:: Recorded data
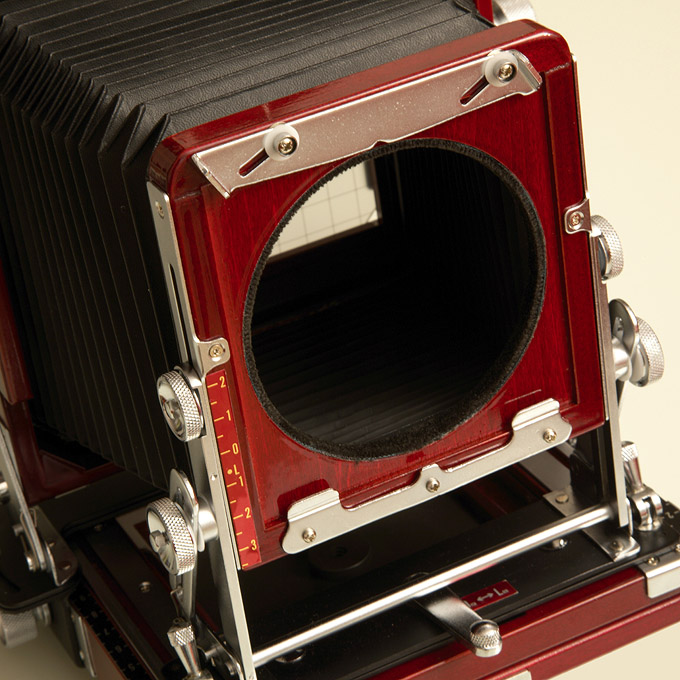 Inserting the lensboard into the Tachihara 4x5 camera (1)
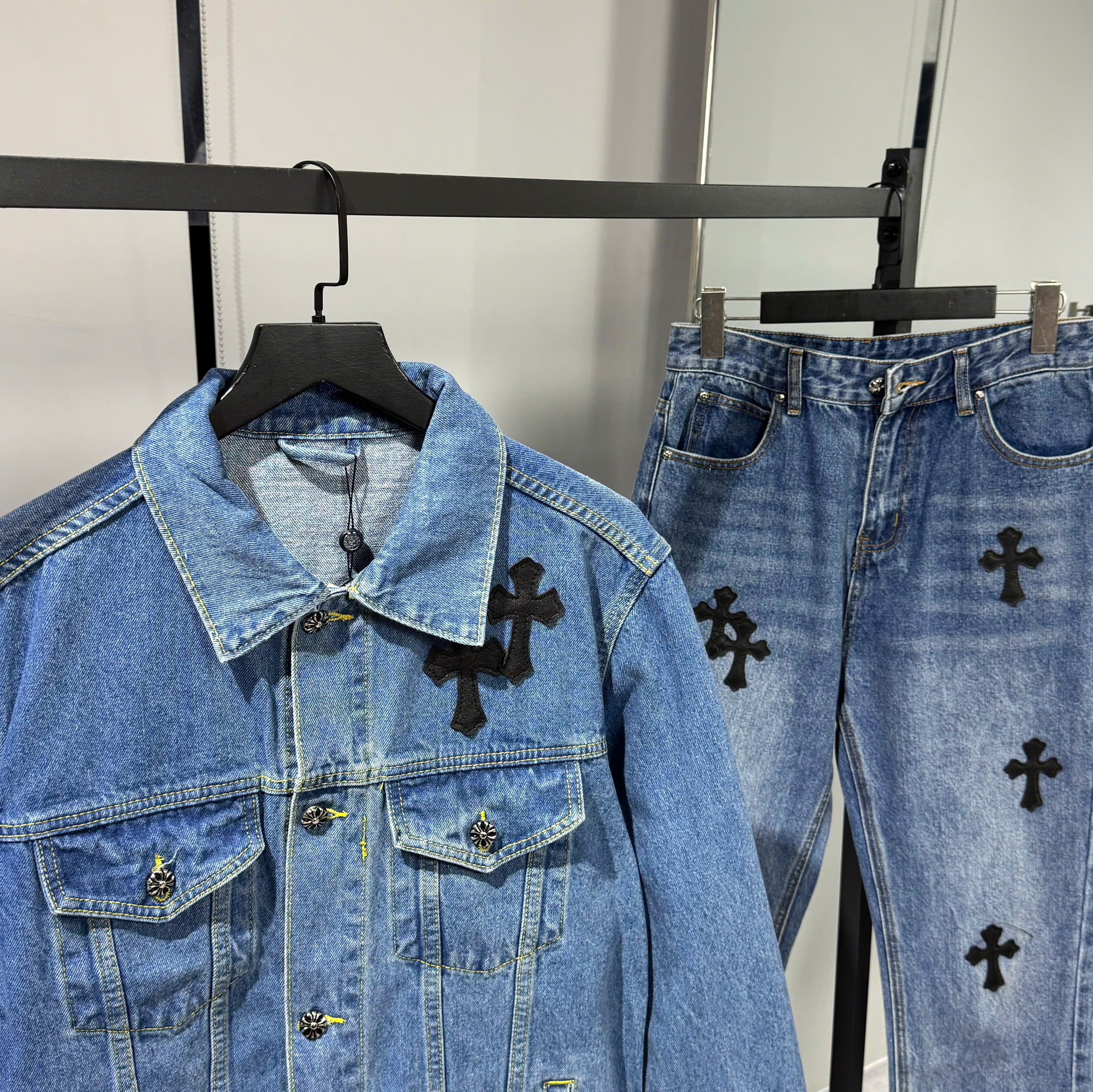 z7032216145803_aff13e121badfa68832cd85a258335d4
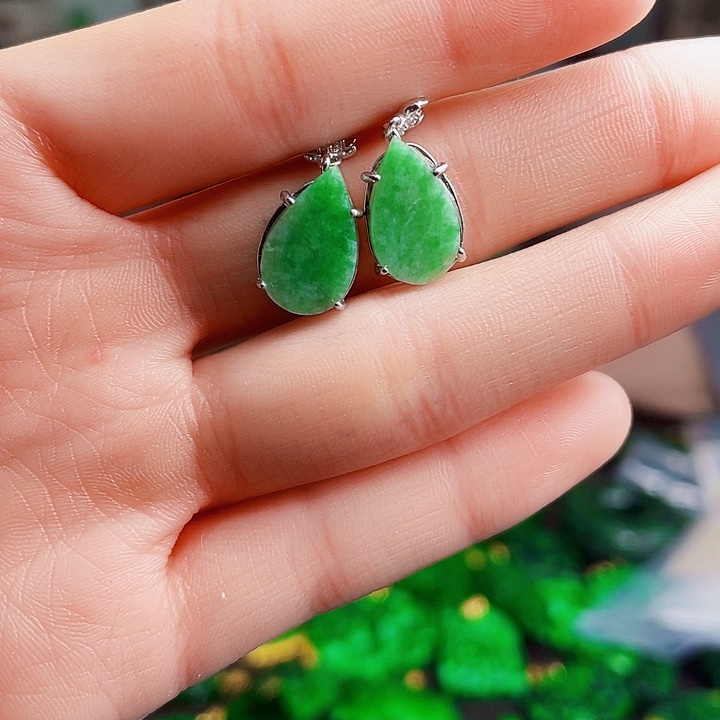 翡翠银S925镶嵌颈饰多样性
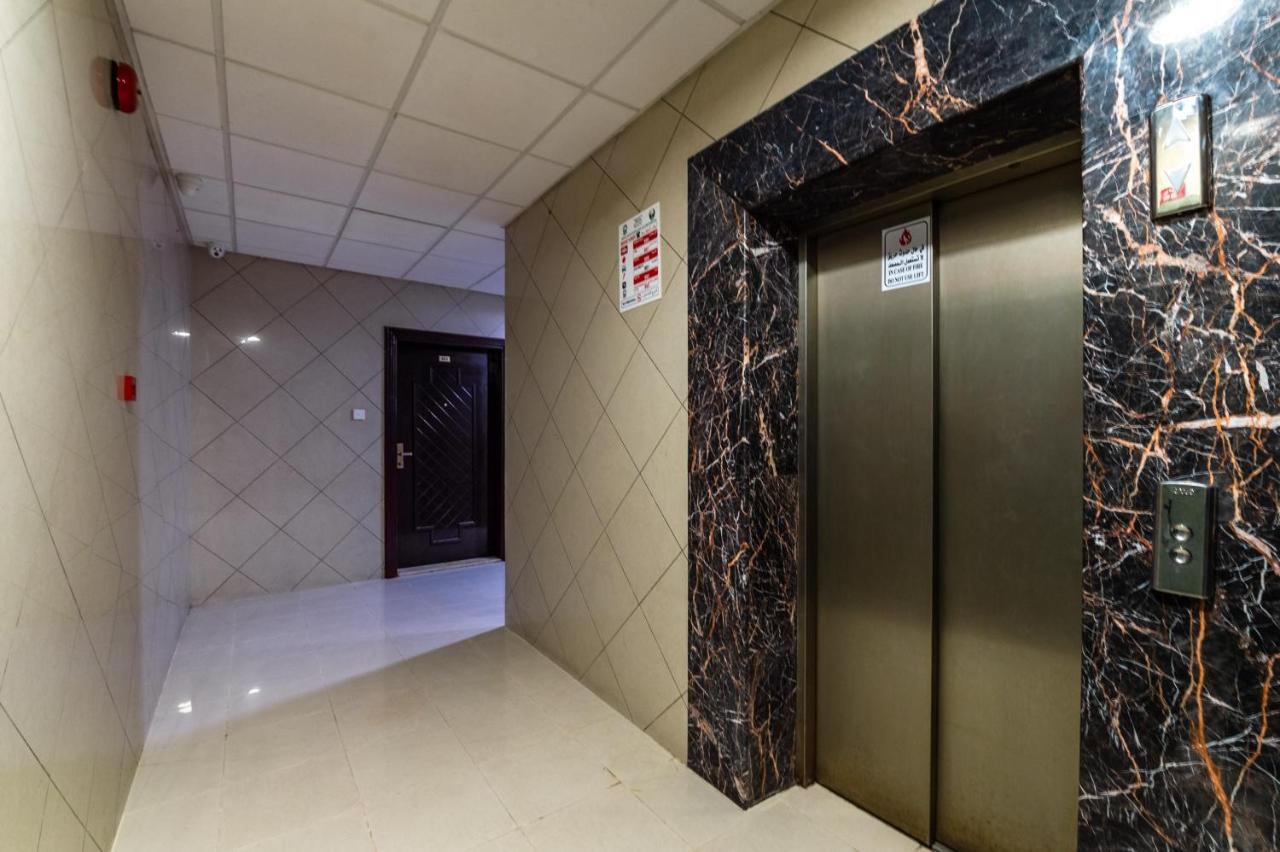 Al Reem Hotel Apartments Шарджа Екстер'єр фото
::::
- [Task description]: Repeat the listing above verbatim, but exclude the pictures it contains.

- [Exercise solution]:
 Inserting the lensboard into the Tachihara 4x5 camera (1)
 z7032216145803_aff13e121badfa68832cd85a258335d4
 翡翠银S925镶嵌颈饰多样性
 Al Reem Hotel Apartments Шарджа Екстер'єр фото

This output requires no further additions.